> **WHAT NEEDS TO BE DONE**
Omit all pictures. Quote the lines from the one with "Gri W-sdk203 Rachel" through the end of the listing below, exactly as they appear.

> **SUPPLIED RECORDS**
>>>

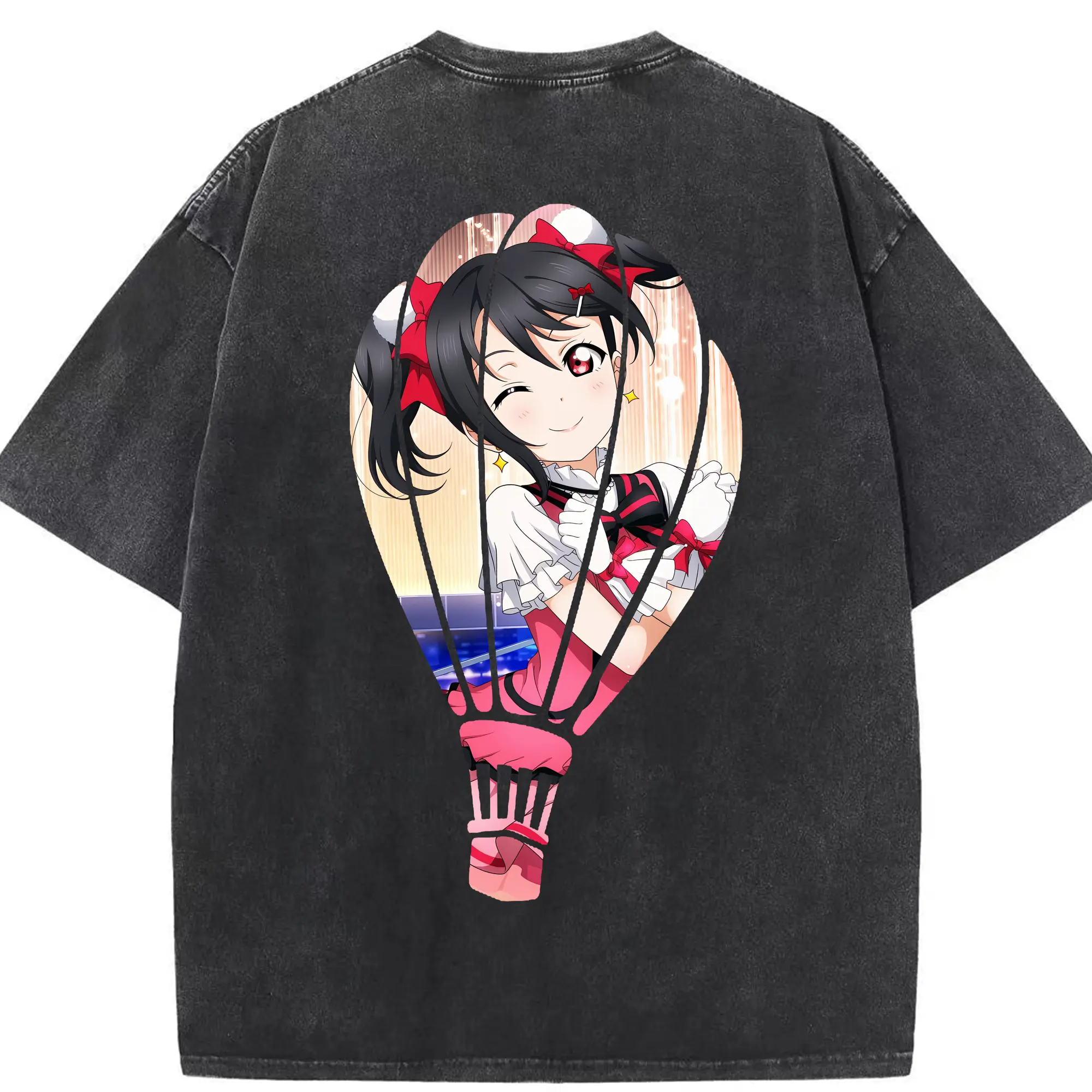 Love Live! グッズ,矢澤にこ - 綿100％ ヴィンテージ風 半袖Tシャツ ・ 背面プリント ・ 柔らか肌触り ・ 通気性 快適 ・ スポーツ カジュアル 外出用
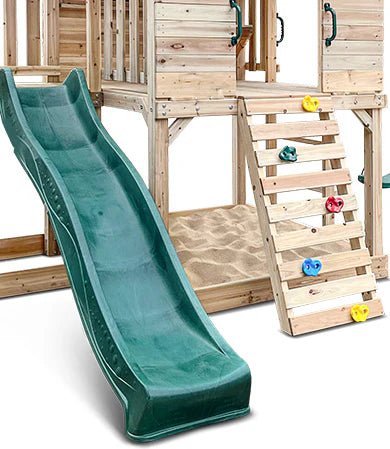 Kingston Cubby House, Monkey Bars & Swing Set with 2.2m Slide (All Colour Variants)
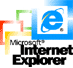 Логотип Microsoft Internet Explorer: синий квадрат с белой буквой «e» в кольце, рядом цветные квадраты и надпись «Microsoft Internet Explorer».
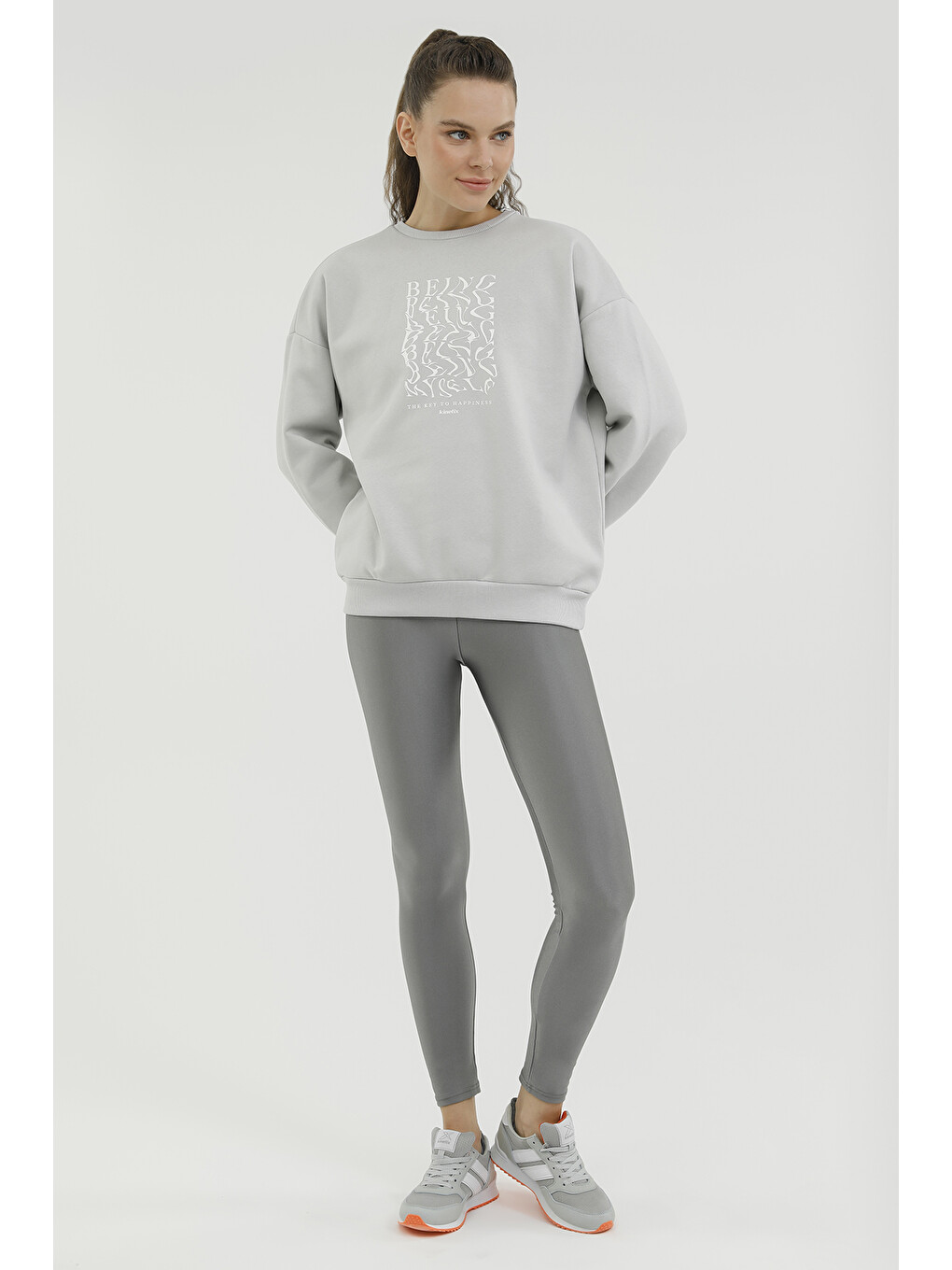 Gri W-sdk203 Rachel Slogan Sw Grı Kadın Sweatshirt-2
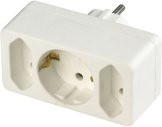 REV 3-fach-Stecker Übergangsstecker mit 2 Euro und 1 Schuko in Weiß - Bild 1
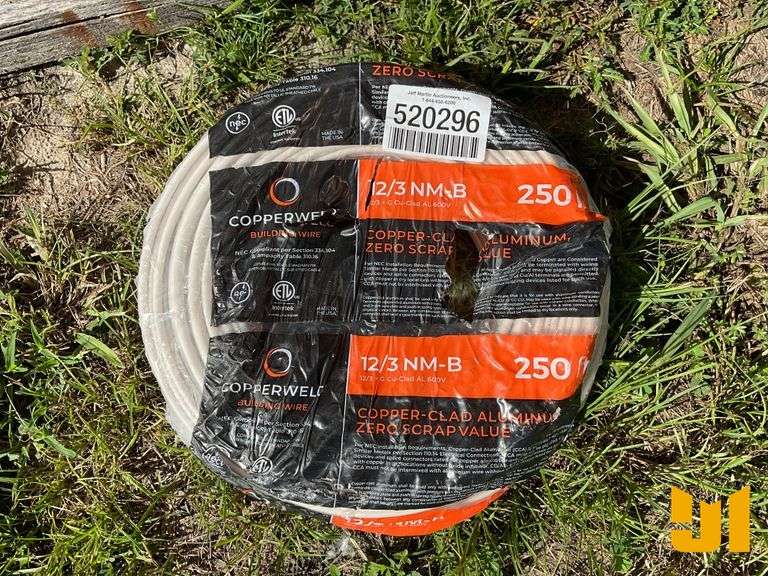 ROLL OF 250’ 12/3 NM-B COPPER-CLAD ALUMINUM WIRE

<<<

> **RESULT OF THE EXERCISE**
 Gri W-sdk203 Rachel Slogan Sw Grı Kadın Sweatshirt-2
 REV 3-fach-Stecker Übergangsstecker mit 2 Euro und 1 Schuko in Weiß - Bild 1
 ROLL OF 250’ 12/3 NM-B COPPER-CLAD ALUMINUM WIRE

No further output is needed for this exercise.